The Zite app for iOS is for me the best recommendation service so far. Once you define your “sections” (i.e. you define the topics that interest you, which is their way of avoiding the filter bubble) it brings you surprisingly interesting and relevant content in each of them. Not sure how they do this exactly.
victoriaalex

Appreciate reading comments to summarize POV…that helps me through the filter(s). Appreciate your informative take Paul Quigley. Amusing that you chose the word “kinda.” It’s okay to do some chest-thumping & have passion about what you do. I mean, words like this don’t jive, have you ever heard of a woman being “sorta” pregnant? Just sayin’…
Janus Daniels

Why so much concern for “an algorithmic definition of diversity” when we desperately need an automatic discernment of veracity?
I have interest in “stuff other people like that I’ll probably hate” but I have a burning desire for anything more honest and more useful that what I read now.
Give me a search slider from truthiness to truth. :-)
Willy V

This all is why I turn off all “personalization” and do not log in when using search engines. I want whay I want, not what some filterization wants me to believe I want.
jonathanstray

Truth is an even harder problem than diversity. I actually just had a conversation with a very sharp engineer trying to explain the problems, among which are:

– many (most?) interesting truths are not empirical, but involve norm-based interpretation
– even in the case of empirical truths, it’s often impossible to verify (because, e.g. the event happened in the past, or causation cannot be established because no experiment is possible, or the necessary information is not available for whatever reason)
– truth is very often contextual, that is, to understand what some claim means we must understand a lot about the world
– You can build algorithmic models for predicting accuracy based on source, topic, match against other sources, etc. and they will work to some degree, but they will break immediately when the world changes. (E.g. if you are depending on an on-the-ground source in a conflict and they decide to change sides.)

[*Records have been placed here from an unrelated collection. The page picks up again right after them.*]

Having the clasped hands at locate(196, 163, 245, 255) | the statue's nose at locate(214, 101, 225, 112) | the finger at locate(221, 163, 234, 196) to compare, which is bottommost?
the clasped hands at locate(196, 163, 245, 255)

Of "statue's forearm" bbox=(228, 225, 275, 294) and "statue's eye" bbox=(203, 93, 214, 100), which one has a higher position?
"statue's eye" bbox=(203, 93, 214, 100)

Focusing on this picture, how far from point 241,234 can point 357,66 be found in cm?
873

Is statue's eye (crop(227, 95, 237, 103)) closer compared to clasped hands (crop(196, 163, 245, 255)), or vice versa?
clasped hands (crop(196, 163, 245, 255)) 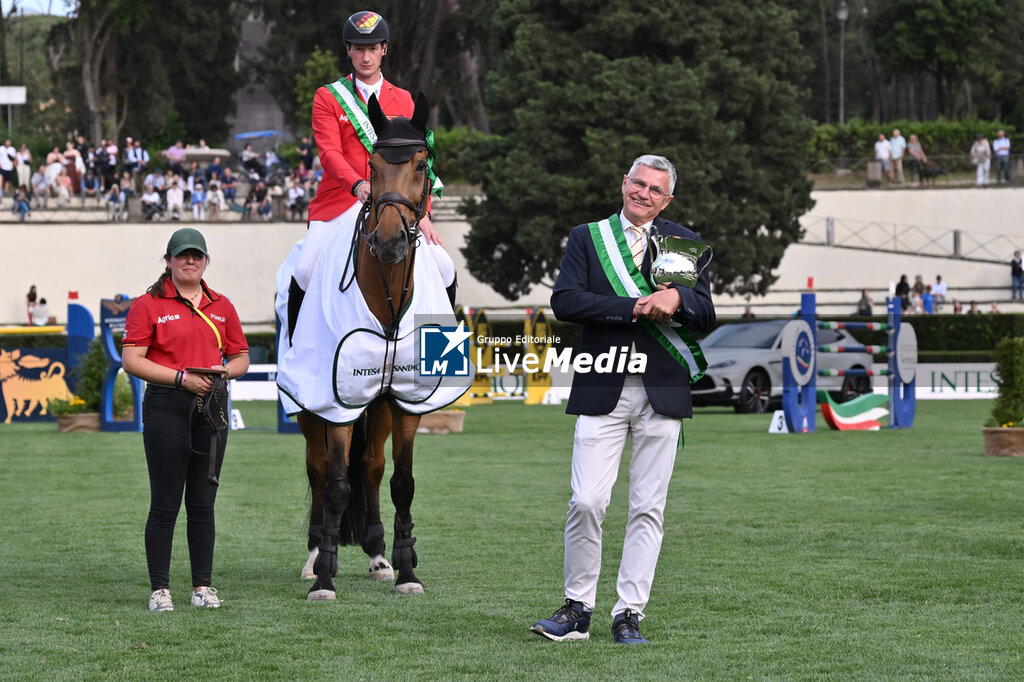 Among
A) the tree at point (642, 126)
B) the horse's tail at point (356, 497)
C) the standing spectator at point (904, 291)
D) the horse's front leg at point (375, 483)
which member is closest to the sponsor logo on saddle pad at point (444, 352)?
the horse's front leg at point (375, 483)

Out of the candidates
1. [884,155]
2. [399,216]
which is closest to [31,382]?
[399,216]

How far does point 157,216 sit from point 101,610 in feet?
134

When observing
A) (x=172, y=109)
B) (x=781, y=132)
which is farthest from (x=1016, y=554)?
(x=172, y=109)

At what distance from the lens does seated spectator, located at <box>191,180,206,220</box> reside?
153ft

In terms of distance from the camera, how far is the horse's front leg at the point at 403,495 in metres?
8.08

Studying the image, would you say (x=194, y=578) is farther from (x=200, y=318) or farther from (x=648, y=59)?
(x=648, y=59)

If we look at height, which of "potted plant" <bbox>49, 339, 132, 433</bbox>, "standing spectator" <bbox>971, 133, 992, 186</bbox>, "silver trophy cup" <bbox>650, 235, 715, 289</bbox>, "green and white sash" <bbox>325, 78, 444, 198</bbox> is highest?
"standing spectator" <bbox>971, 133, 992, 186</bbox>

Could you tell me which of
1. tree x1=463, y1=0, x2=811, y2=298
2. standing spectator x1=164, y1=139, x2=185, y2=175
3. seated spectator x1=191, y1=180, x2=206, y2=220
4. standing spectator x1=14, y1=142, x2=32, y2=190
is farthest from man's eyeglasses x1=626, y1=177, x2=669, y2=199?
standing spectator x1=164, y1=139, x2=185, y2=175

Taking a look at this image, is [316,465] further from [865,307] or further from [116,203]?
[116,203]

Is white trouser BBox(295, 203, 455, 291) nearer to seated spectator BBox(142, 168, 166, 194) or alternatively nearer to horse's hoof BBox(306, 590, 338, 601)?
horse's hoof BBox(306, 590, 338, 601)

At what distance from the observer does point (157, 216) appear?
154 ft

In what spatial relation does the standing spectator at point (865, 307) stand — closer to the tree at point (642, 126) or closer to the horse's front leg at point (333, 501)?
the tree at point (642, 126)

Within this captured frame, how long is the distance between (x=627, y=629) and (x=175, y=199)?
41.8 m

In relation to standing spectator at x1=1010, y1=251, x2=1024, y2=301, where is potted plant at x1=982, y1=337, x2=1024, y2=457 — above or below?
below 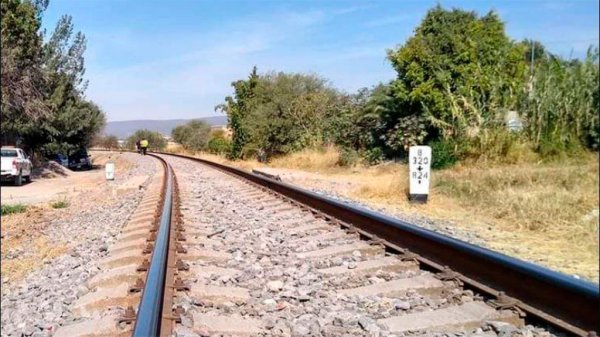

My engineer’s response to this: “Oh, so you’d need general AI to do this.”

My response: No. Not even a human can, in general, figure out whether a statement is true. In most cases we can only make educated guesses.
jonathanstray

Search engines are filters by definition. You cannot turn the filters off — that would mean looking through the entire web manually.
Oakleys vault

There is an exceptionally wide variety of sunglasses to choose from vaultoakleys2012.net. The brand is dedicated to designing cutting edge Oakleys vault and use only the best technologies and materials to ensure your Oakleys sunglasses 2012 will see you in first place in the both the sports and style ranks.
snipergirl

Errr, is your use of “gnus” for “news” or “nous” an April Fools’ Joke?